Despite being a representative body bound by its own Equality Policy, the Law Society has chosen not to base its practice note on the work of those many British Muslims who are struggling to reconcile their faith with considerations of equality and human rights. Instead, the Law Society has opted for ignoring progressive voices within British Islam, and enshrined the ideology of a man who so clearly loathes women, non-Muslims and children as a model to emulate.
And this is merely the beginning. The Law Society has already announced a “planned future seminar series on Islamic law [with] expert and authoritative speakers highlighting some basic concepts and requirements of the Islamic Shari’a”. It remains to be seen whether it will be left to men of the ilk of al-Jibaly to run these sessions.
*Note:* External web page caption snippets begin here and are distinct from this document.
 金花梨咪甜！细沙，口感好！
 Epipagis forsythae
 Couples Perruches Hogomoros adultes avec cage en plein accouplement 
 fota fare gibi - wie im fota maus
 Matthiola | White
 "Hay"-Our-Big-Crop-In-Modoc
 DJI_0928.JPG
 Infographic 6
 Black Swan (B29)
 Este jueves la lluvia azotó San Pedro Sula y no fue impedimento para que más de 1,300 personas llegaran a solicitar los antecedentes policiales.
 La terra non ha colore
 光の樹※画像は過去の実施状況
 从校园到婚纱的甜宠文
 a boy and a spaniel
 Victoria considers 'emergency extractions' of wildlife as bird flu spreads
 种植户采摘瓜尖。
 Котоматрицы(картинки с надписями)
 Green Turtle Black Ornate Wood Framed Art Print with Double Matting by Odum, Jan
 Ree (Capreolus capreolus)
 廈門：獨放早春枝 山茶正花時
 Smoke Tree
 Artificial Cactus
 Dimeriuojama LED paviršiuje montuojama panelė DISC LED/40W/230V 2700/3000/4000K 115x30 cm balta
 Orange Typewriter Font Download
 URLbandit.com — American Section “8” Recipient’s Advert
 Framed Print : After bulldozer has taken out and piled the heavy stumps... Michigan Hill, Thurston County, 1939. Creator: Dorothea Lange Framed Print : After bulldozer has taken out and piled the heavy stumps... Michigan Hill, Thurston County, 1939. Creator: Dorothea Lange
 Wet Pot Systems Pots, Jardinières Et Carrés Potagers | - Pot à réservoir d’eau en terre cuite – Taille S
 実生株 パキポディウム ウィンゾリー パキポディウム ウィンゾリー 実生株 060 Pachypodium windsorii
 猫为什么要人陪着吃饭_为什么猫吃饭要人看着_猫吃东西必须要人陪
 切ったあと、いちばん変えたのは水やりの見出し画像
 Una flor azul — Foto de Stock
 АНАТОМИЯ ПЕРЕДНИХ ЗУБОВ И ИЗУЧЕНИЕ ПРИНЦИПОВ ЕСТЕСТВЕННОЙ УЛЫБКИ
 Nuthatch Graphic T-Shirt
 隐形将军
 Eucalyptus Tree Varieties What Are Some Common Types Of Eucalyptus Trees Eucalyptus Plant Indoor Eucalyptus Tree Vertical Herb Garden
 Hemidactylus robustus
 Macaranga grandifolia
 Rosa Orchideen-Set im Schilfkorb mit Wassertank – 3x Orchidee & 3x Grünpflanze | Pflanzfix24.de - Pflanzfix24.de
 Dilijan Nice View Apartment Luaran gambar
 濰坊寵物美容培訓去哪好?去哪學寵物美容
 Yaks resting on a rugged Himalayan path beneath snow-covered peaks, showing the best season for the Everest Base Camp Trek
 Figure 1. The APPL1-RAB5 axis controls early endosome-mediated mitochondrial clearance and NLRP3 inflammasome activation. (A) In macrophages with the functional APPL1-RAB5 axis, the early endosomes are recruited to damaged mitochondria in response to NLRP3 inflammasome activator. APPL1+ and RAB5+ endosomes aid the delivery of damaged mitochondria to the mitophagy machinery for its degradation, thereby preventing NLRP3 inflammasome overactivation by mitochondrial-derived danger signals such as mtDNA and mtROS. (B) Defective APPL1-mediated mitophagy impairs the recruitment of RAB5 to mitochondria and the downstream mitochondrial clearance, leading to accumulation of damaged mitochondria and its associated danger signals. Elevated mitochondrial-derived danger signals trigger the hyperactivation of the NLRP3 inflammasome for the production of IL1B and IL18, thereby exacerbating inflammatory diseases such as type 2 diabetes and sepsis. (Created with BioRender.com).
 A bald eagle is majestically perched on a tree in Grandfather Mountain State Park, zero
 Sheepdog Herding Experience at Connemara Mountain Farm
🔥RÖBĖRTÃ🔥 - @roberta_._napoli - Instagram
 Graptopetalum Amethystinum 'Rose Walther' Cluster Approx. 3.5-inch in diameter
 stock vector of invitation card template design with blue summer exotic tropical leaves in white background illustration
Clearly, the Law Society deems itself beyond criticism. It comes to no surprise that human rights campaigners are in strong opposition and have set up a petition, which has already received more than 2,000 signatures, and organised a protest at the offices of the Law Society to take place next Monday April 28th.
Wherever there is a will, there need not be bigotry. If you think the Law Society should base its advice on considerations of equality and human rights, rather than peddling to the bigotries of the likes of al-Jibaly, you should come and make sure they can hear this message loud and clear.